Keuntungan didasarkan pada kesepakatan, sedangkan kerugian ditanggung oleh masing-masing mitra usaha (syarîk) berdasarkan porsi modal. Jika, misalnya, masing-masing modalnya 50%, maka masing-masing menanggung kerugian sebesar 50%. sebagaimana kaidah fikih yang berlaku, yakni (Ar-Ribhu ‘Alâ mâ Syarathâ wal Wadhii’atu ‘Alâ Qadril Mâlain).
Diriwayatkan oleh Abdur Razaq dalam kitab Al-Jâmi’, bahwa Ali bin Abi Thalib radhiyallahu ‘anhu pernah berkata, “Kerugian didasarkan atas besarnya modal, sedangkan keuntungan didasarkan atas kesepakatan mereka (pihak-pihak yang bersyirkah).”
b.      Syirkah al-abdân
Yaitu perserikatan dalam bentuk kerja yang hasilnya dibagi bersama sesuai dengan kesepakatan, tanpa konstribusi modal (mâl), seperti kerja sama sesama dokter di klinik, tukang besi, kuli angkut atau sesama arsitek untuk menggarap sebuah proyek, atau kerja sama dua orang penjahit untuk menerima order pembuatan seragam sekolah dan sebagainya.Kerja sama semacam ini dibolehkan menurut kalangan Hanafiyah, Malikiyah, dan Hanabilah, namun imam Syafi’i melarangnya.
Contohnya: A dan B. keduanya adalah nelayan, bersepakat melaut bersama untuk mencari ikan. Mereka sepakat pula, jika memperoleh ikan dan dijual, hasilnya akan dibagi dengan ketentuan: A mendapatkan sebesar 60% dan B sebesar 40%.
Syirkah ‘abdân hukumnya boleh berdasarkan dalil as-Sunnah. Dari Abdullah binMas’udradhiyallahu anhu, ia berkata, “Aku pernah berserikat dengan Ammar bin Yasir dan Sa’ad bin Abi Waqash mengenai harta rampasan perang pada Perang Badar. Sa’ad membawa dua orang tawanan, sementara aku dan Ammar tidak membawa apa pun.” (HR. Abu Dawud, An-Nasa’i dan Ibnu Majah)
c.       Syirkah al-mudârabah
Yaitu, persetujuan seseorang sebagai pemilik modal (investor) menyerahkan sejumlah modal kepada pihak pengelola (mudhârib) dalam suatu perdagangan tertentu yang keuntungannya dibagi sesuai dengan kesepakatan bersama. Adapun kerugiannya ditanggung oleh pemilik modal saja.
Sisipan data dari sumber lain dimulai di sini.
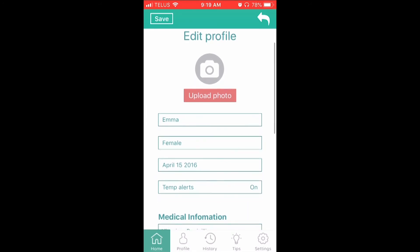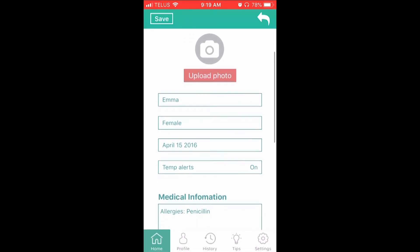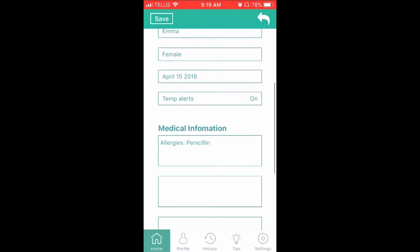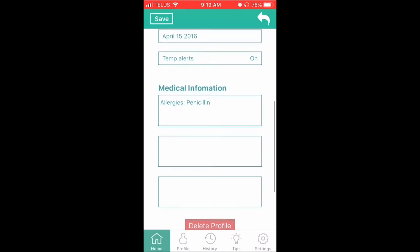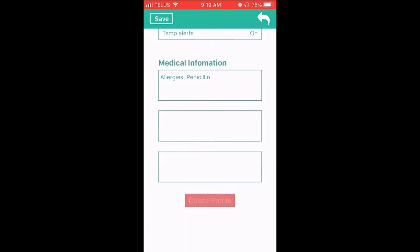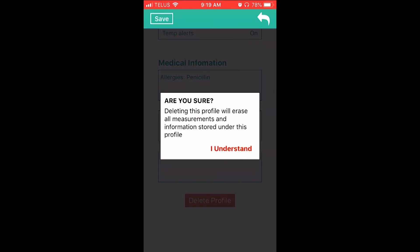If needed, you can delete a profile by clicking on the Delete Profile button located at the bottom of the screen. Once deleted, the profile and history cannot be recovered.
Menurut jumhur ulama (Hanafiyah, malikiyah, Syafi’iah, Zahiriyah, dan Syiah Imamiyah) tidak memasukkan transaksi mudharabah sebagai salah satu bentuk perserikatan, karena mudharabah menurut mereka merupaka akad tersendiri dalam bentuk kerja sama yang lain yang tidak dinamakan dengan perserikatan.
Syarat-syarat mudârabah antara lain:
1.      Modal harus dinyatakan dengan jelas mengenai jumlahnya.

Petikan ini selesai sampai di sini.